§ **WHAT YOU SHOULD DO**
Please output the line containing "this 720×582 image." and all lines that follow it in the data below, exactly, with no pictures.

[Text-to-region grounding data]
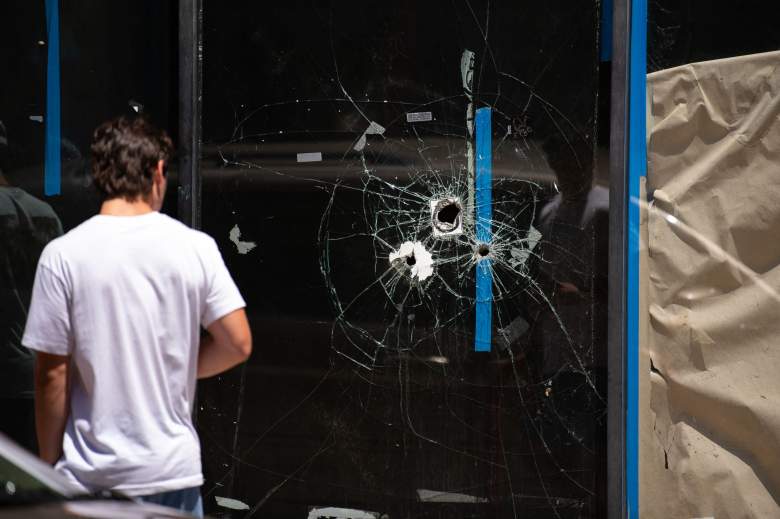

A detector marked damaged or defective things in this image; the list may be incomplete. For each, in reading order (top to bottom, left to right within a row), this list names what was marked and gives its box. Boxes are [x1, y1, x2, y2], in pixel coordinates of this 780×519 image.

shattered glass window [200, 2, 608, 516]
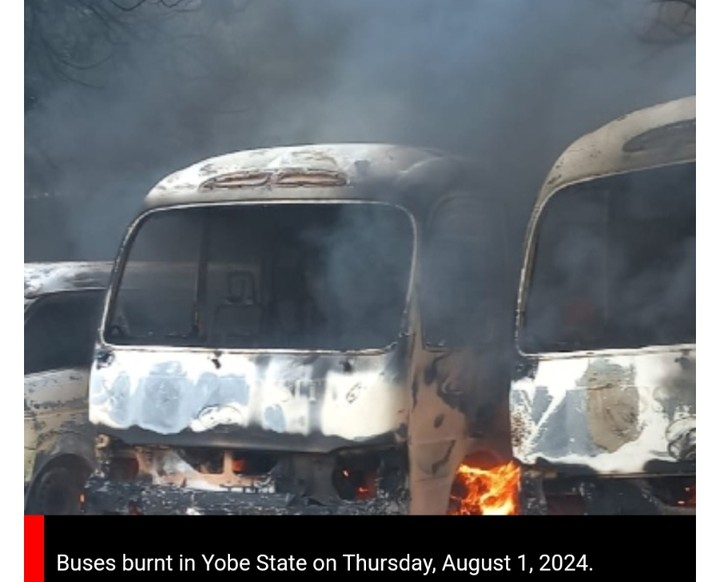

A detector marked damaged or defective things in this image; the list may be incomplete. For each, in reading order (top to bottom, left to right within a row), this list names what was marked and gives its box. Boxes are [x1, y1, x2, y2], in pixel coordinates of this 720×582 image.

charred vehicle [24, 264, 111, 516]
burnt bumper [81, 476, 408, 516]
broken windshield opening [104, 205, 414, 352]
charred bus roof vent [200, 169, 348, 192]
charred vehicle [83, 145, 512, 516]
second burnt bus [83, 145, 512, 516]
burnt bus [81, 145, 516, 516]
charred vehicle [510, 96, 696, 516]
burnt bus [510, 96, 696, 516]
broken windshield opening [520, 162, 696, 354]
charred bus roof vent [624, 119, 696, 154]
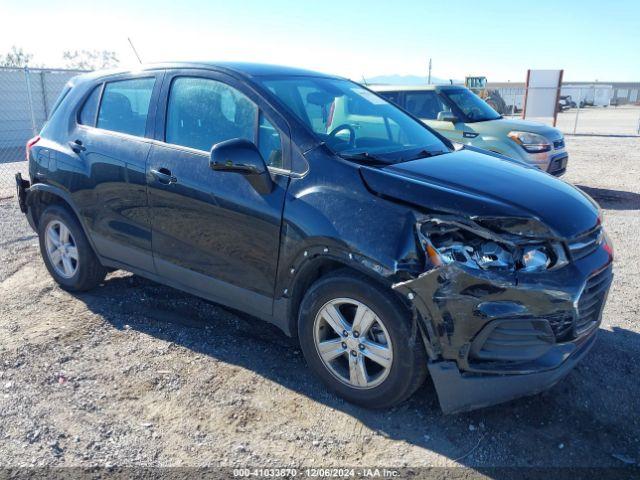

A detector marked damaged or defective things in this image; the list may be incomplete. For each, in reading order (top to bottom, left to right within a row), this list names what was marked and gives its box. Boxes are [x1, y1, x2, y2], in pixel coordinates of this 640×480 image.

crumpled hood [360, 146, 600, 236]
broken headlight [420, 220, 564, 272]
damaged front end [392, 214, 612, 412]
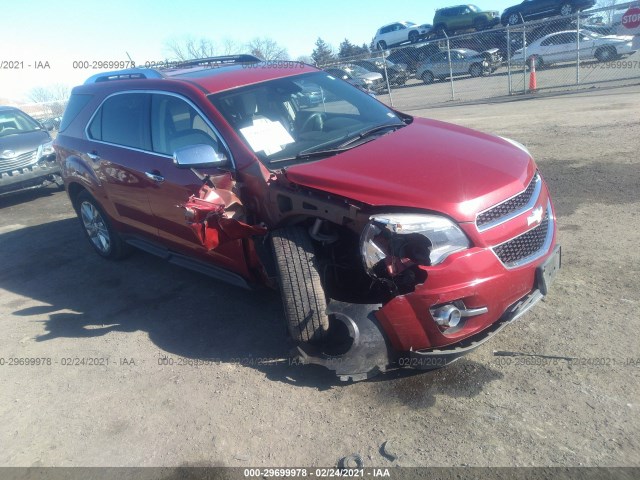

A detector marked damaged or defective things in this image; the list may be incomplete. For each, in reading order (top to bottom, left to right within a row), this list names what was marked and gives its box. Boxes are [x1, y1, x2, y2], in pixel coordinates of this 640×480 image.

red damaged suv [53, 56, 560, 380]
dented hood [284, 116, 536, 223]
broken headlight [360, 213, 470, 274]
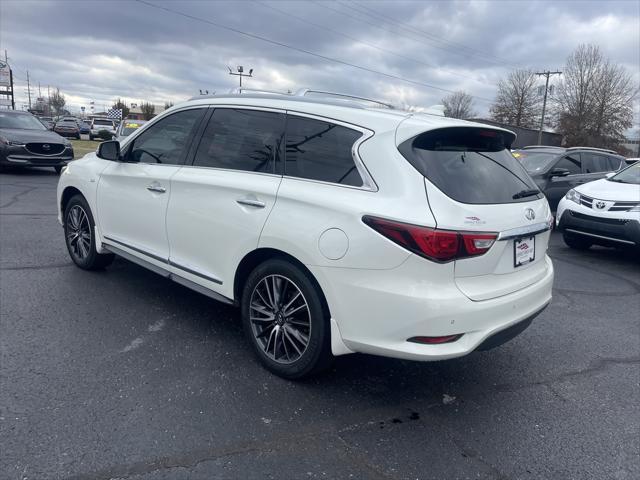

§ **TASK RESPONSE**
A detector marked damaged or defective things in this image; the list may be incomplete. For each, in reading order (top to bottom, left to right within a row), this list names what was marked and gives its box. Boxes are [x1, y1, x2, y2], in pixel coordinates of this 720×582 image.

charred vehicle [24, 264, 111, 516]
burnt bumper [81, 476, 408, 516]
broken windshield opening [104, 205, 414, 352]
charred bus roof vent [200, 169, 348, 192]
charred vehicle [83, 145, 512, 516]
second burnt bus [83, 145, 512, 516]
burnt bus [81, 145, 516, 516]
charred vehicle [510, 96, 696, 516]
burnt bus [510, 96, 696, 516]
broken windshield opening [520, 162, 696, 354]
charred bus roof vent [624, 119, 696, 154]

A detector marked damaged or defective things in this image; the list may be incomplete. For each, in reading order (top to bottom, left to right within a row), this list names what was marked and gives its box. Boxes are [x1, y1, x2, y2], in pixel coordinates of this 640×480 image.

crumpled hood [360, 146, 600, 236]
broken headlight [420, 220, 564, 272]
damaged front end [392, 214, 612, 412]

A detector marked damaged or defective things in this image; the list may be incomplete. For each, in reading order (top to bottom, left to right within a row), this list names what was marked and gives its box. Boxes are [x1, y1, x2, y2], in pixel coordinates of this 640×480 image.

red damaged suv [53, 56, 560, 380]
dented hood [284, 116, 536, 223]
broken headlight [360, 213, 470, 274]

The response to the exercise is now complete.